▶ _Data_:
——

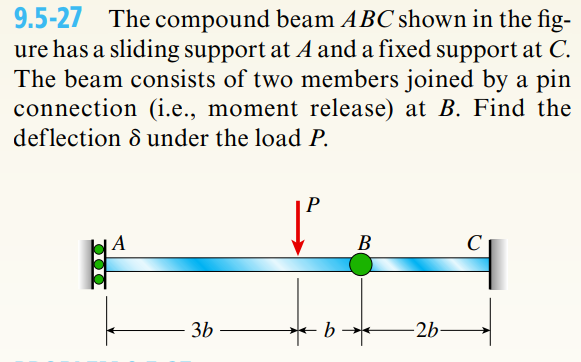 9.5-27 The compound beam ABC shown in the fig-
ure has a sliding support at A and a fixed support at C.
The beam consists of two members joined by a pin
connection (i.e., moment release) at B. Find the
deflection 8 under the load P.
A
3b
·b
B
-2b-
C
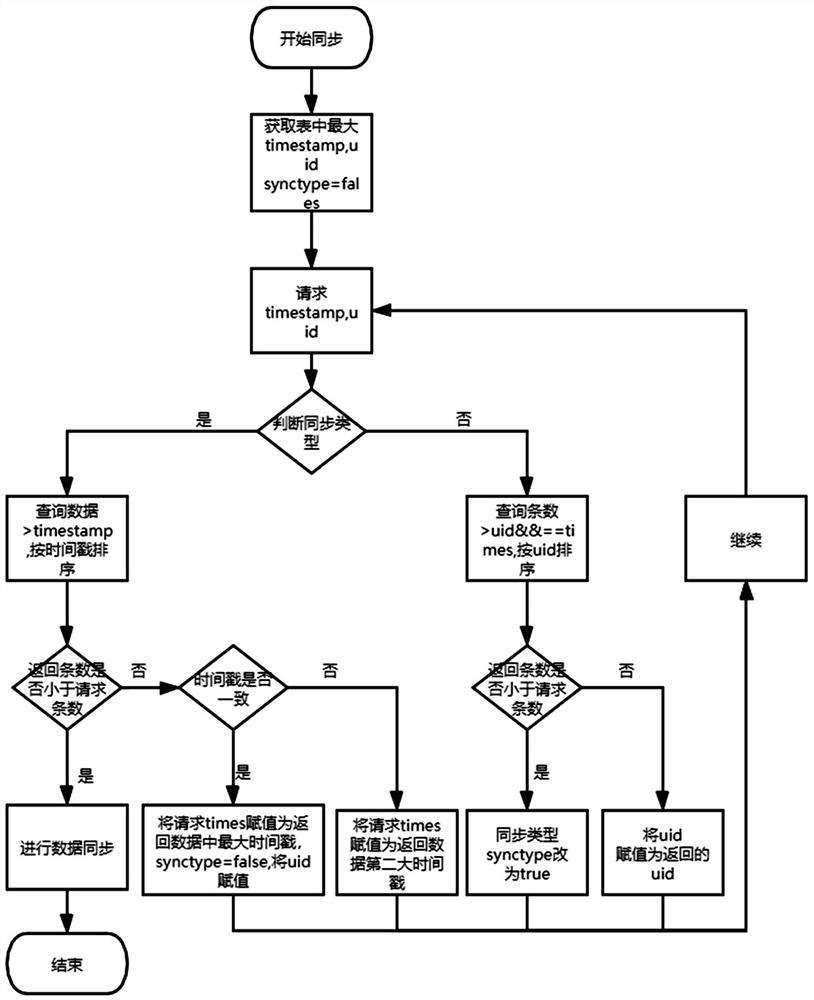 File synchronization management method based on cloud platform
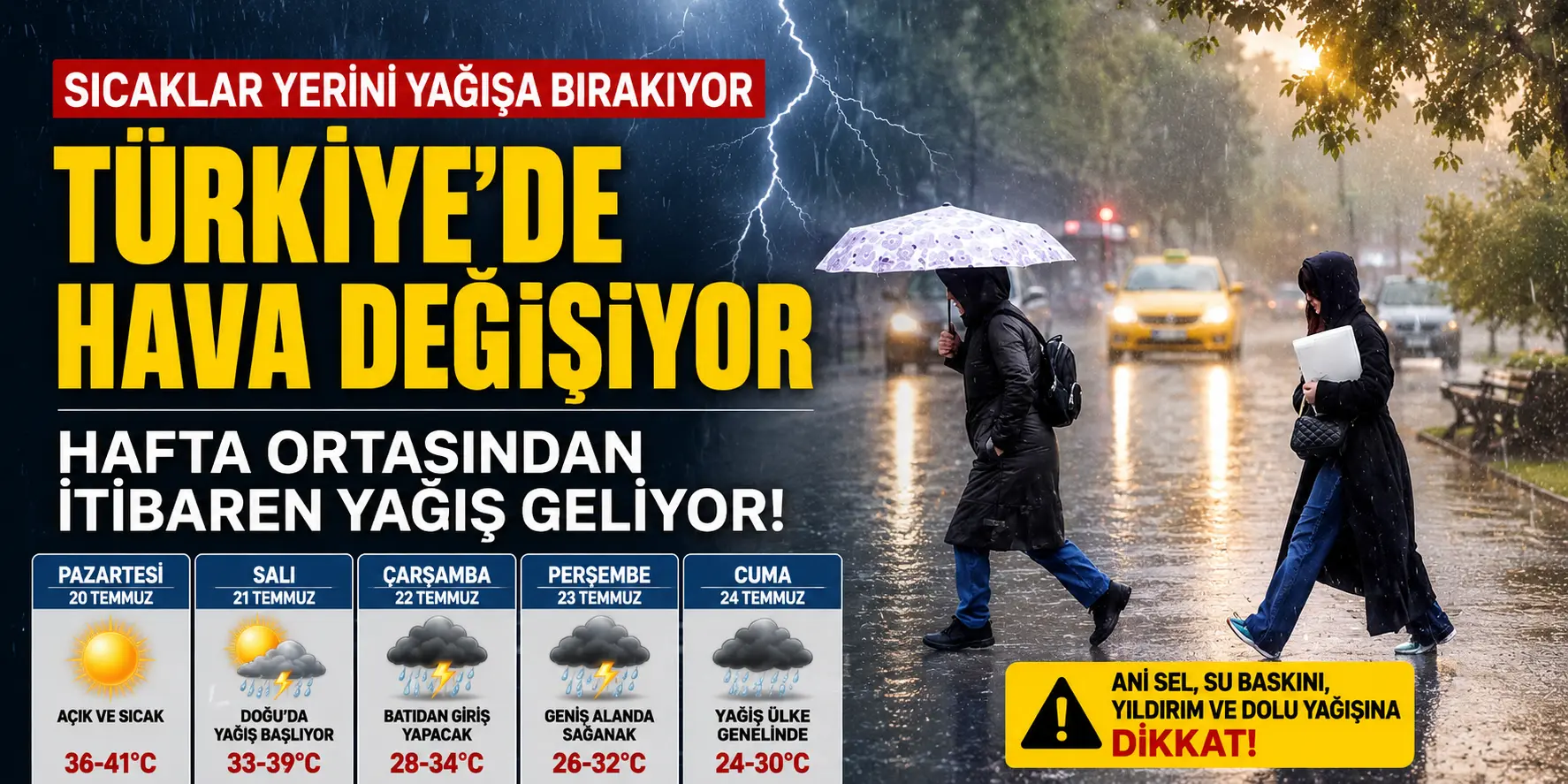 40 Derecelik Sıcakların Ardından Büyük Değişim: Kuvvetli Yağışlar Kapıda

——

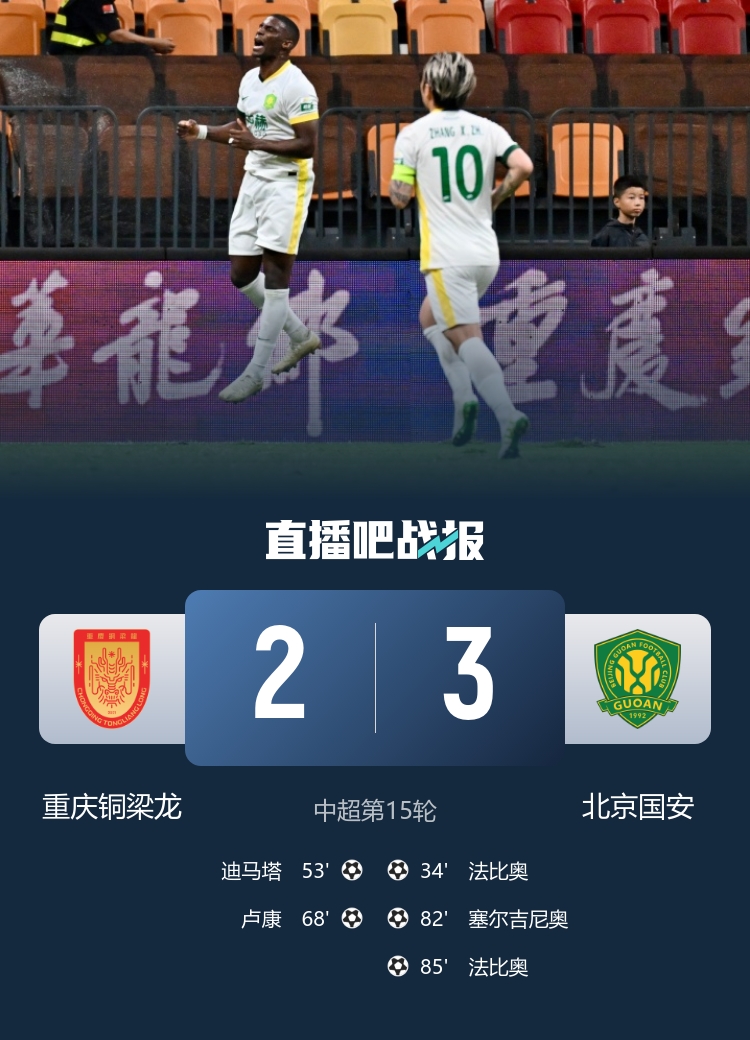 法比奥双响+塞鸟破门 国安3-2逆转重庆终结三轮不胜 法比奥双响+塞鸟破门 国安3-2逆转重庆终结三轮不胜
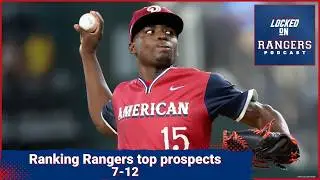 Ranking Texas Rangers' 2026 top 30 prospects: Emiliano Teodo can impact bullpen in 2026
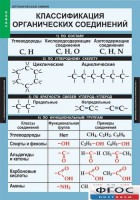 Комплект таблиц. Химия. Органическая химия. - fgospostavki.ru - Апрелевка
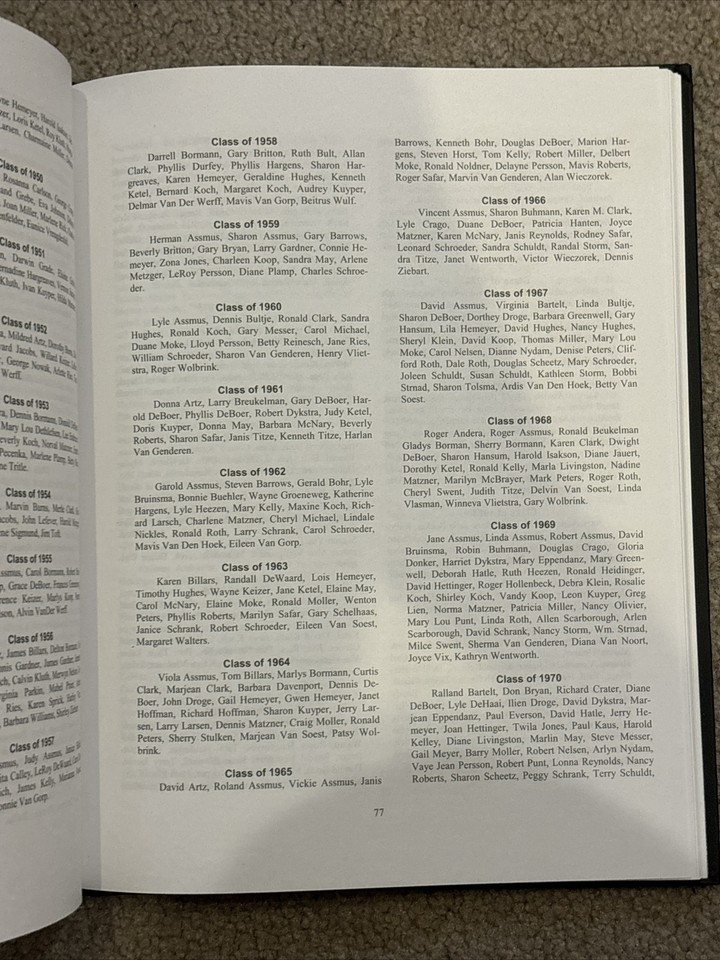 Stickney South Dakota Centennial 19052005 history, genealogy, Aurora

——

▶ _Exercise directions_: Only the lines of the listing above from the one with "法比奥双响+塞鸟破门 国安3-2逆转重庆终结三轮不胜 法比奥双响+塞鸟破门" through the one with "Stickney South Dakota" should be output, exactly, with both ends kept and pictures left out.

▶ _Solution to the problem_:
 法比奥双响+塞鸟破门 国安3-2逆转重庆终结三轮不胜 法比奥双响+塞鸟破门 国安3-2逆转重庆终结三轮不胜
 Ranking Texas Rangers' 2026 top 30 prospects: Emiliano Teodo can impact bullpen in 2026
 Комплект таблиц. Химия. Органическая химия. - fgospostavki.ru - Апрелевка
 Stickney South Dakota Centennial 19052005 history, genealogy, Aurora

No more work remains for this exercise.